Problem: A full, exact copy of the listing is needed, with images omitted.

Exercise material:
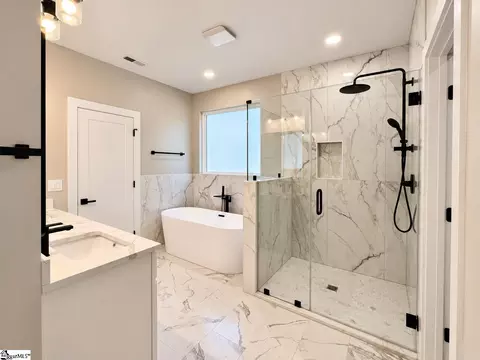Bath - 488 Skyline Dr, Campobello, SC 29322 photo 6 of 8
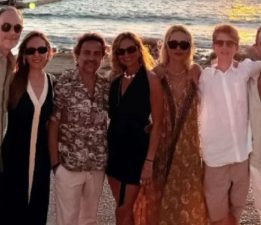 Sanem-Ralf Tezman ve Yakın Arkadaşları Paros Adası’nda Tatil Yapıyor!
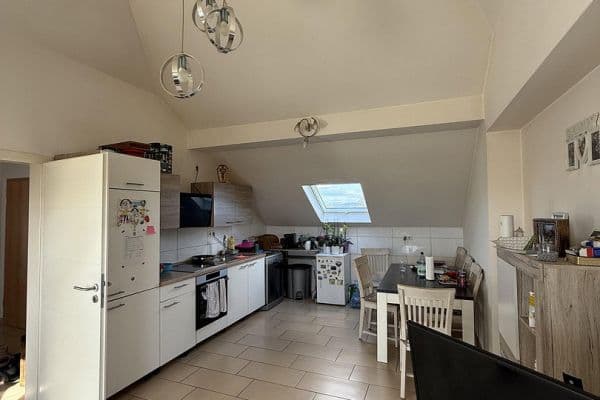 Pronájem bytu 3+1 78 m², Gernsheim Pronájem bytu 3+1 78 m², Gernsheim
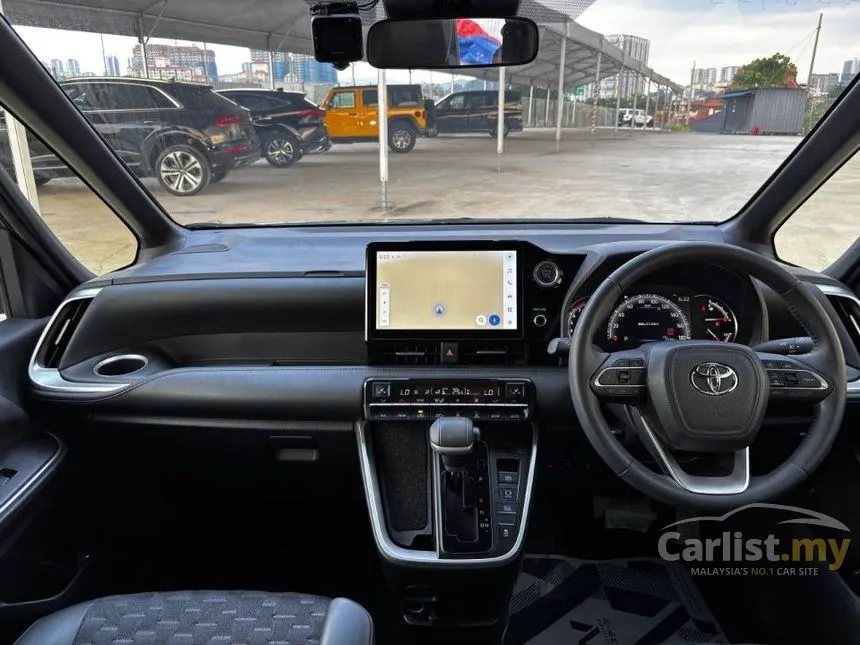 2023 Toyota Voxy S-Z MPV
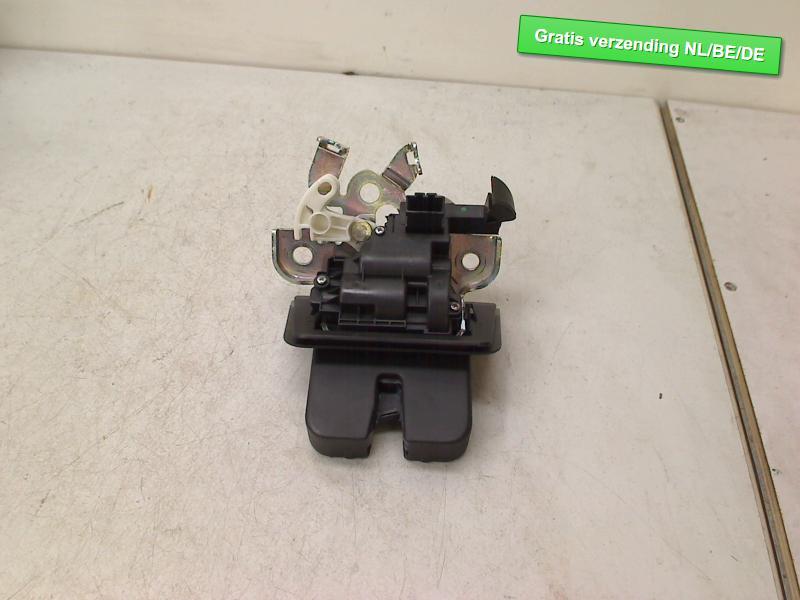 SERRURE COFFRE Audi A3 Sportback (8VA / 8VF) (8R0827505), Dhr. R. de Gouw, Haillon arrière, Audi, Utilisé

Written response:
Bath - 488 Skyline Dr, Campobello, SC 29322 photo 6 of 8
 Sanem-Ralf Tezman ve Yakın Arkadaşları Paros Adası’nda Tatil Yapıyor!
 Pronájem bytu 3+1 78 m², Gernsheim Pronájem bytu 3+1 78 m², Gernsheim
 2023 Toyota Voxy S-Z MPV
 SERRURE COFFRE Audi A3 Sportback (8VA / 8VF) (8R0827505), Dhr. R. de Gouw, Haillon arrière, Audi, Utilisé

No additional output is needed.